A Starbucks spokesperson said the company is always “listening and learning from partners.”

“We always scheduled what we believe the store needs based on customer behaviors, and that might mean that a change in the hours available, but to say that we’re cutting hours wouldn’t be accurate,” the spokesperson said. “We are listening and learning from the partners in the stores as we always do across the country, and from the beginning, we’ve been clear in our belief that we are better together as partners without a union between us and that conviction has not changed.”

Workers at the Craig Street location formally petitioned to unionize on March 23, along with the Market Square location in Downtown Pittsburgh. The coffee chain’s Bloomfield location became the first Starbucks in the state to unionize, on April 13.

Julian Burgan, a shift supervisor at the Craig Street location, said he wants Starbucks to practice the progressive ideals it says it stands for and “put their money where their mouth is.” 

“I think it’s kind of one of those things that if they want to be champions of progressive ideals, they shouldn’t be standing in our way.
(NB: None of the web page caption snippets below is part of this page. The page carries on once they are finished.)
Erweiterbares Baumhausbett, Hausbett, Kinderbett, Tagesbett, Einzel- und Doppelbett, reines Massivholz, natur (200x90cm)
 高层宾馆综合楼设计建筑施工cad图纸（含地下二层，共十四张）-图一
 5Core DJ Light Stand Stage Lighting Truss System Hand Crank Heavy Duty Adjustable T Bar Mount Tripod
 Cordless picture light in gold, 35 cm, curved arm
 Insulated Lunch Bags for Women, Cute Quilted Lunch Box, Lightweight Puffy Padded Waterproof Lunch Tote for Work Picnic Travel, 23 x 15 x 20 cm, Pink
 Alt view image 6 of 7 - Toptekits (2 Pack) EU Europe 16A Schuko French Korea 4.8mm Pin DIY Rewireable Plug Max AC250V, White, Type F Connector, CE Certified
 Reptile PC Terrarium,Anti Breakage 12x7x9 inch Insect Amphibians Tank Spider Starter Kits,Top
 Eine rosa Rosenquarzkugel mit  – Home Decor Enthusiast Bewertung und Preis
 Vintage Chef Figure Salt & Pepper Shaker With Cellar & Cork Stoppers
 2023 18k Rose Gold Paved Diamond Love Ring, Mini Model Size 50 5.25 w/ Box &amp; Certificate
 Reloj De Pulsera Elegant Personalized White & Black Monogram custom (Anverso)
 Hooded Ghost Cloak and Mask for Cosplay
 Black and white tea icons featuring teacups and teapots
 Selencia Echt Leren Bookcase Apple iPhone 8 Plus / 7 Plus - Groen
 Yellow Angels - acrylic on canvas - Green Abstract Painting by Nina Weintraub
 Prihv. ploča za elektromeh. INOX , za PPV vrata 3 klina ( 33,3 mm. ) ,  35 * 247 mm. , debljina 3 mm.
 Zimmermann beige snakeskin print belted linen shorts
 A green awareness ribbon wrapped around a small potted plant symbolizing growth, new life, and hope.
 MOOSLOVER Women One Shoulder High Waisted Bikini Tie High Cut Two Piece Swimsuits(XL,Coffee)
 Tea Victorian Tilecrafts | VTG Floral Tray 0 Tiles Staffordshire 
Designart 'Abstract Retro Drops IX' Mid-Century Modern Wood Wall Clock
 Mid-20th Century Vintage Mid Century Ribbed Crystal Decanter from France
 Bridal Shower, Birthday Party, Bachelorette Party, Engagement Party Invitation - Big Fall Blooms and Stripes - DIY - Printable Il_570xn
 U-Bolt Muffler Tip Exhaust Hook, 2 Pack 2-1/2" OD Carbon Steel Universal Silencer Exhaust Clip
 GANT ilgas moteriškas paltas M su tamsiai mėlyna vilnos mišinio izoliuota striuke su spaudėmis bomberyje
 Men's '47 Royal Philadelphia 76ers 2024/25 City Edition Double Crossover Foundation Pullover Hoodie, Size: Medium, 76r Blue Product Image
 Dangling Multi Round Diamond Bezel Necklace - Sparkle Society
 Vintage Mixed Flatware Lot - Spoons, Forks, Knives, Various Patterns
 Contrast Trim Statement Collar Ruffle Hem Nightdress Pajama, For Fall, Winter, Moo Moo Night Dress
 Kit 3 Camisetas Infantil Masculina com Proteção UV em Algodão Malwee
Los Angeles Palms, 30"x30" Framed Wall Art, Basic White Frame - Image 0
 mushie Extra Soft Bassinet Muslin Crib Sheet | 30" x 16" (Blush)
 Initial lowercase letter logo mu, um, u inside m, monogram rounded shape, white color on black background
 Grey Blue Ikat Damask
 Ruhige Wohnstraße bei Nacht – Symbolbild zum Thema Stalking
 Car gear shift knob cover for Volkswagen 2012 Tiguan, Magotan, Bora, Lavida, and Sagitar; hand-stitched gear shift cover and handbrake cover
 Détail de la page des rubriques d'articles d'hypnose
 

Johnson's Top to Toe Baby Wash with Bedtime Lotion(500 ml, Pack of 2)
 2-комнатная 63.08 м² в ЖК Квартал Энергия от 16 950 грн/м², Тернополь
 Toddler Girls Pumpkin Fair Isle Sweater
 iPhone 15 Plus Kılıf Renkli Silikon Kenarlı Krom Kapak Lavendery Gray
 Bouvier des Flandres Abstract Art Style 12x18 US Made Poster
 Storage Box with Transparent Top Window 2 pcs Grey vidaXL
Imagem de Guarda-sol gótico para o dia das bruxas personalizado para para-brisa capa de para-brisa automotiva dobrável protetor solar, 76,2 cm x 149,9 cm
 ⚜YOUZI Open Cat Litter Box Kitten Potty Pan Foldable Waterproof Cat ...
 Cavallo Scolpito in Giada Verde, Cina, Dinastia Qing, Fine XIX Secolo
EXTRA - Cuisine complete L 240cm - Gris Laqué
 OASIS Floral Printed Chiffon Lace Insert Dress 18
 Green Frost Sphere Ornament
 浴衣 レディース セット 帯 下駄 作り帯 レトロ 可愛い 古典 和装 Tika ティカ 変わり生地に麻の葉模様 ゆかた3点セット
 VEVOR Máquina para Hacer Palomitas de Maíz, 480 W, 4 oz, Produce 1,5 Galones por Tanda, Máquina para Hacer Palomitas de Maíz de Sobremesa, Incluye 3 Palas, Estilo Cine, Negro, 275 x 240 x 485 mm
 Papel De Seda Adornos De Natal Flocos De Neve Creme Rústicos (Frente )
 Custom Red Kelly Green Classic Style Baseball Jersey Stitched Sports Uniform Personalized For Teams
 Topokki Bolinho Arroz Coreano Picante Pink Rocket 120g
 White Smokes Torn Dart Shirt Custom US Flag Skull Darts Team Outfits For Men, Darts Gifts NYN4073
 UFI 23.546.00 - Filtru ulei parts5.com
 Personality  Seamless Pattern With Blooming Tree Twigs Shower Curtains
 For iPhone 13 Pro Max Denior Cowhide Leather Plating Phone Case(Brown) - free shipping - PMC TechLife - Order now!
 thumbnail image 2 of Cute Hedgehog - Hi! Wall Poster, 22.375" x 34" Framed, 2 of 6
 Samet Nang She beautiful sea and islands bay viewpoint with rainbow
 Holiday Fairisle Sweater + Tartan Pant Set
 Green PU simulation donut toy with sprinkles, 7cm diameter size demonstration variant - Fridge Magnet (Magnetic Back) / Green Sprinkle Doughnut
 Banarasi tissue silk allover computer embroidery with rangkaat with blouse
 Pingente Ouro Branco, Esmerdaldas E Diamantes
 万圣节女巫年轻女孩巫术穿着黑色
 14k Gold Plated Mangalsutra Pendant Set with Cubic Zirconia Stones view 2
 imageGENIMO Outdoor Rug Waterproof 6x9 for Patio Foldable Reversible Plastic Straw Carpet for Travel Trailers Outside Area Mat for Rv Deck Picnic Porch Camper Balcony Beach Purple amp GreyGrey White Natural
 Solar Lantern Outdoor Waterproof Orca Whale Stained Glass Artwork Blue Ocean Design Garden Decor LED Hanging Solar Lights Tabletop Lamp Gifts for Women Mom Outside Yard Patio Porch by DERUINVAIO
None of us want to bring Starbucks down, we just want our voice heard,” Burgan, a second-year master’s student in Pitt’s Graduate School of Public and International Affairs, said.

Burgan also said many people don’t realize how young Starbucks workers are, which he thinks makes the company more “scared” of them. 

“So many of us are just generally nervous about the way everything’s headed,” Burgan said. “You know, how are we going to be able to pay off your loans and have a life or a family or even be able to go on a simple vacation today, like you know it’s nerve racking, and this kind of fear didn’t use to exist in our grandparents’ age, and we need to do something about this and hold companies accountable for livable wages.”

A Starbucks spokesperson did not directly answer a question about Burgan saying he thinks the company could be “scared” of its employees.

Besides what workers described as worsening conditions, such as a lack of hours, Kai Cunningham, a barista at the Craig Street location, said petitioning to unionize was more of a protective measure.

“I think corporations can abuse workers in a lot of ways, like with wages, with working conditions and with firing and hiring,” Cunningham, a junior psychology and English major, said. “I think having a union is just an all around good thing because it keeps workers protected and lets us have a voice.”

Burgan said while he wrote the letter to formally petition to unionize, he was nervous about receiving backlash from Starbucks and is worried the company will try to “scare them with potential write-ups.”

“I helped write the letter, and the whole time my hands were shaking because I’ve seen all over the news Starbucks workers being fired for being union leaders, and being written up for no reason so corporate can fire them,” Burgan said. “I am a little worried about them trying to scare us with write-ups here.”

Burgan said since the petition was sent, Starbucks has sent employees what he described as “union-busting material,” such as information packets that say “do your research” and “know the facts” in regards to forming a union.

“They send us these information packets saying ‘do your research’ and ‘know the facts’ but the obvious fact is that unions help workers, and so I think it has brought partners who were neutral or on the fence about the subject to our side because they see how scared Starbucks is of us and that we have a chance for better,” Burgan said.

A Starbucks spokesperson said all claims of anti-union activity are “categorically false” and that Starbucks hopes to “uplift workers’ dreams.”

“We will become the best version of Starbucks by co-creating our future directly as partners,” the spokesperson said. “We will strengthen the Starbucks community by upholding each other’s dreams, upholding the standards and rituals of the company, celebrating partner individuality and voice and upholding behaviors of mutual respect and dignity.”

Burgan said he hopes more Starbucks locations join the fight to unionize.

“We really need and could use any worker, any labor movement, any person to join us and support us,” Burgan said. “There’s power in numbers and you know, Starbucks calls their employees partners, and I think it’s finally time they treated us like their partners.”